THE Government's exam watchdog will compile an exam board blunder list after new figures show that 38 errors have been made on GCSE and A-level papers this year.

In previous years, the Qualifications and Curriculum Authority was not required to keep tabs on mistakes made by awarding bodies. However, publicity surrounding a series of errors made in the January and June exams means a file of undetected mistakes will now be collected by the watchdog.

The demand for information is part of the QCA's attempts to keep a closer eye on boards.

The new education Bill will give the quango powers to intervene if a board fails to meet expectations.

Problems at Edexcel have hit the headlines most often, with the exam board admitting to seven mistakes last year.

Now its competitors have also been forced to reveal their full error quota in response to a written question in Parliament and both have a worse score. AQA made a total of 15 blunders this year and OCR held its hands up to 16 mistakes.

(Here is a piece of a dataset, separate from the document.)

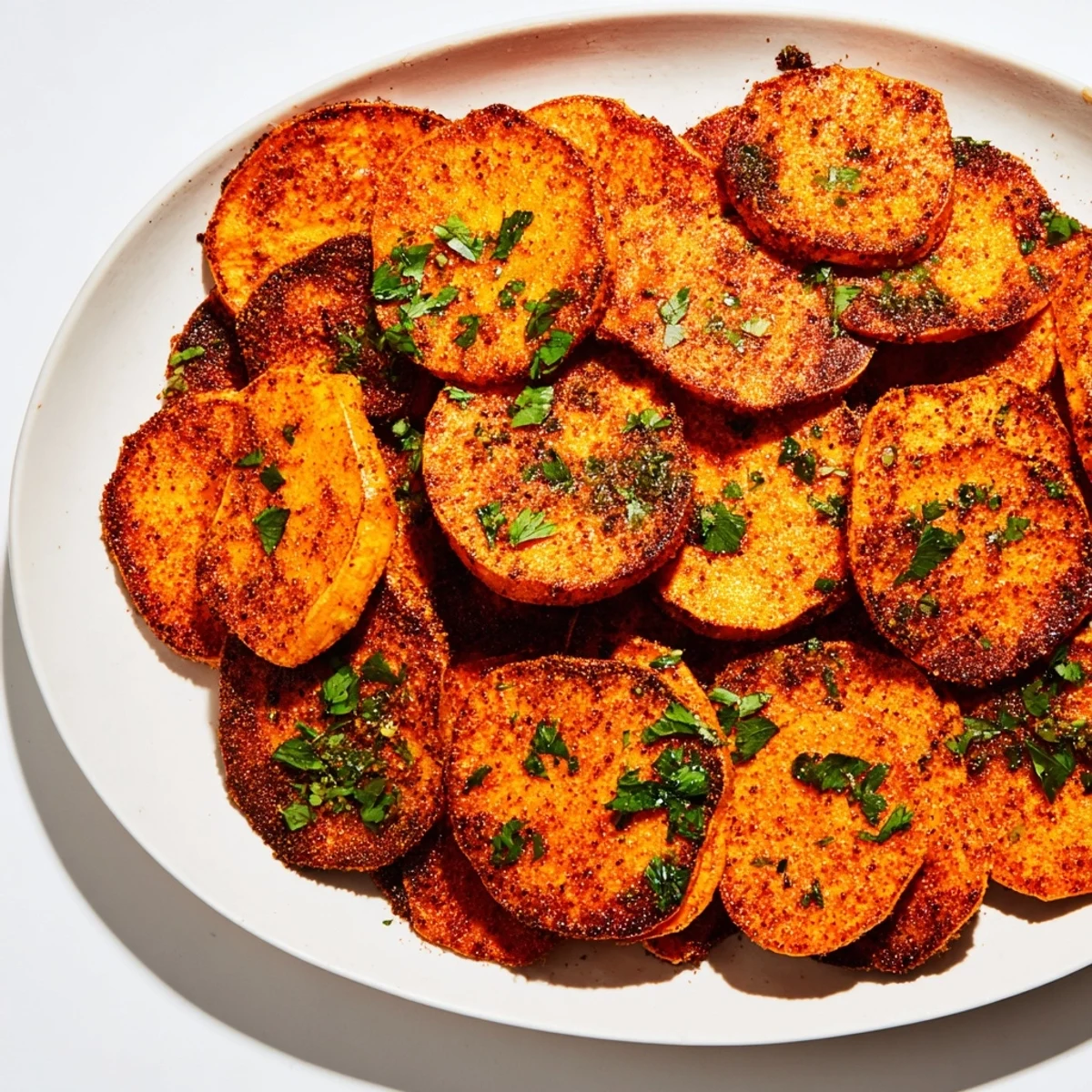 Vibrant image of oven-roasted Cajun Sweet Potatoes glistening, ready to serve with parsley.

The huge increase in the number of exam papers following the introduction of modular AS and A2-levels has increased the margin of error, according to the exam boards.

Meanwhile, schools have claimed that the Edexcel AS maths paper was too difficult for most pupils and harder than the papers produced by the other two boards.

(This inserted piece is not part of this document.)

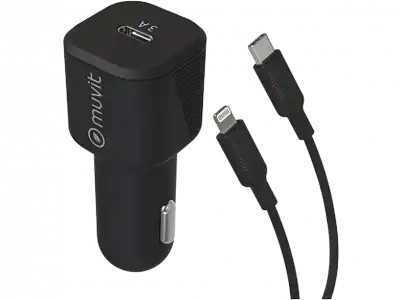 Cargador USB para coche - Muvit MCPAK0045, Lightning, USB-C, Universal, 20W, 2.4A, Negro + Cable USB-C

It could mean that pupils sitting the Edexcel exam answer fewer questions correctly but get the same grade as pupils who perform better in the other awarding body papers. A spokesman for Edexcel said the standards board had not yet met to fix grade boundaries.

The standard of the AS maths paper is still presenting a problem following a failure rate of a third last year - double that of other subjects.

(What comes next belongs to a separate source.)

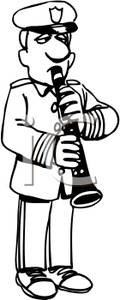 120x300 And White Man Playing Clarinet Clip Art Image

The exam board has also threatened student Jonathan Higgs with legal action this week over a website which criticises its work.

The "Edexhell" site was set up by the 18-year-old after his music AS-level went up from a D to a B on appeal. Edexcel's IT director Chris Stubbings emailed the site claiming its contents were libellous: "I am taking legal action to have it removed," he said.

A spokesman for the exam board said it had invited the student, a former pupil of Queen Elizabeth High School, Hexham, to visit their operation in London.